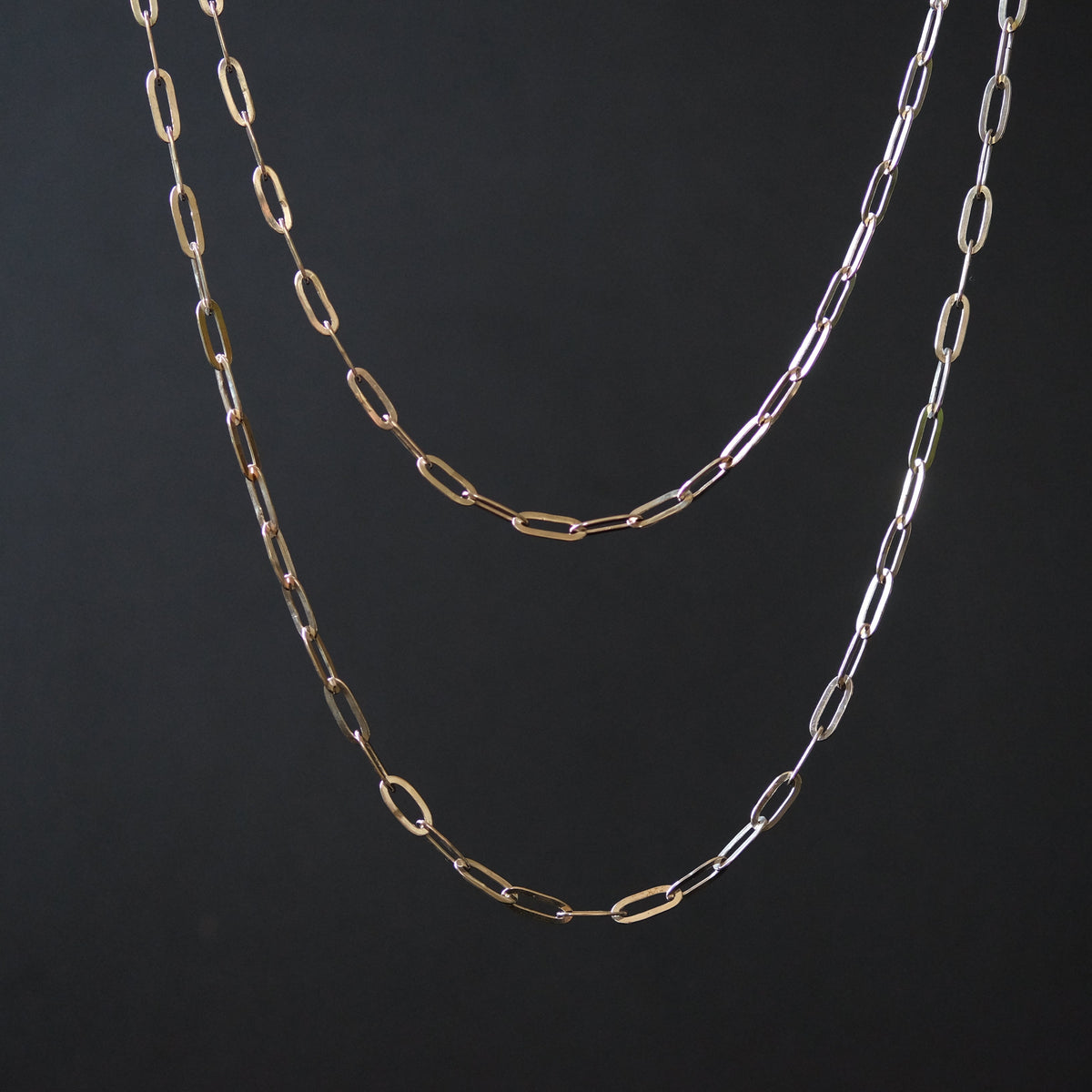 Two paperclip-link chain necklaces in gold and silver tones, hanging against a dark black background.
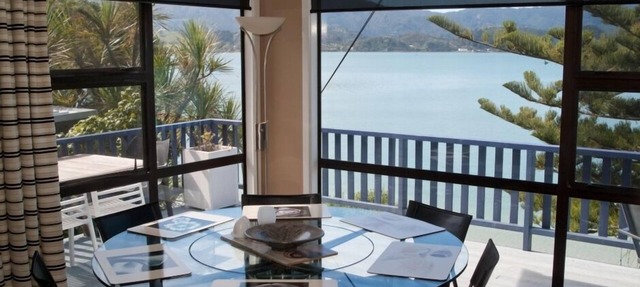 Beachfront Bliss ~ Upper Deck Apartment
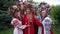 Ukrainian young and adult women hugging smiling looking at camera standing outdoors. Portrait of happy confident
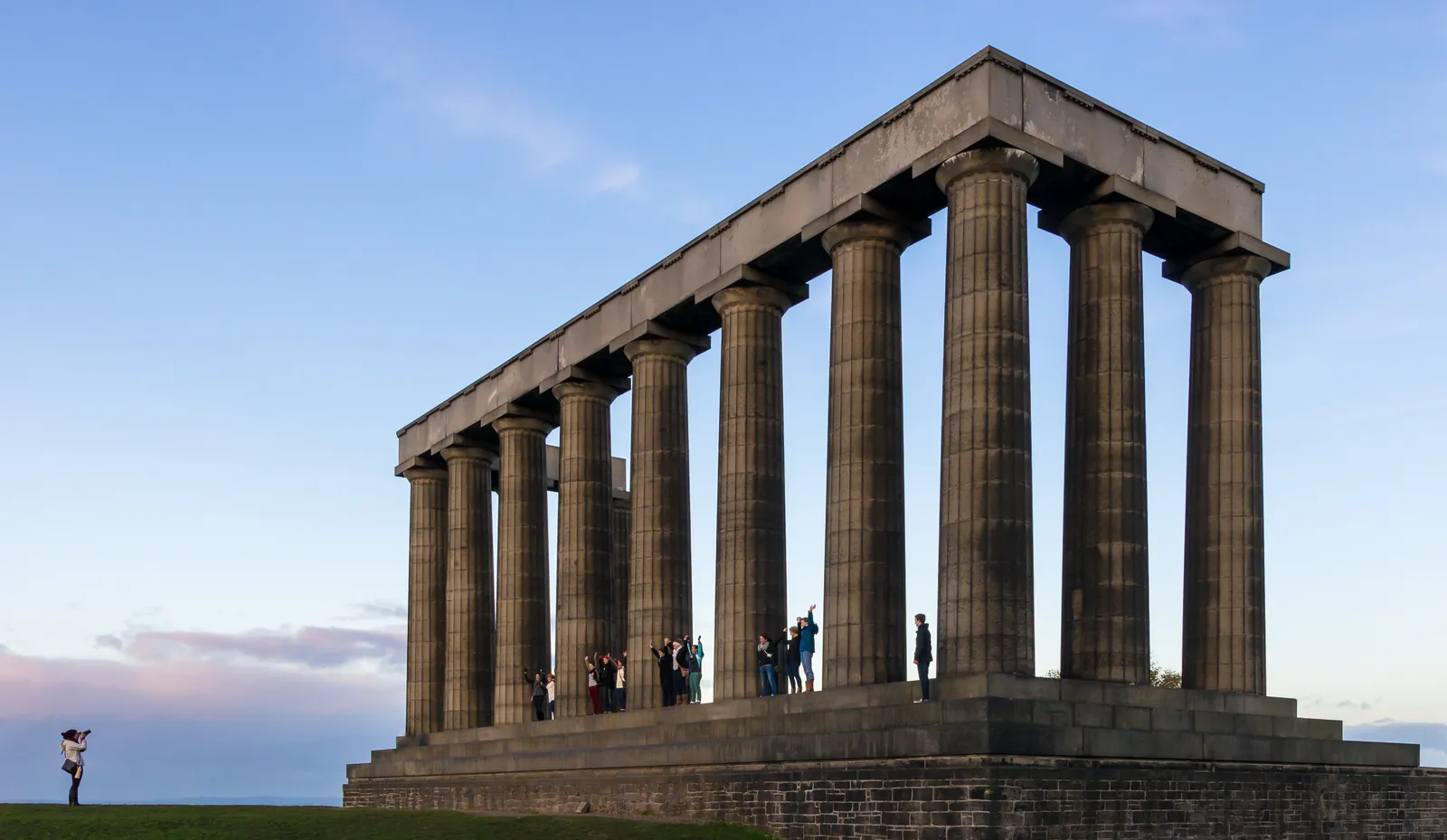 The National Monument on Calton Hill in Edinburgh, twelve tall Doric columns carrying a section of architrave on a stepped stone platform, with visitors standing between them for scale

* [YOUR GOAL] Omit the pictures, then print the rest of the listing above exactly.

* [EXERCISE RESULT]
 Two paperclip-link chain necklaces in gold and silver tones, hanging against a dark black background.
 Beachfront Bliss ~ Upper Deck Apartment
 Ukrainian young and adult women hugging smiling looking at camera standing outdoors. Portrait of happy confident
 The National Monument on Calton Hill in Edinburgh, twelve tall Doric columns carrying a section of architrave on a stepped stone platform, with visitors standing between them for scale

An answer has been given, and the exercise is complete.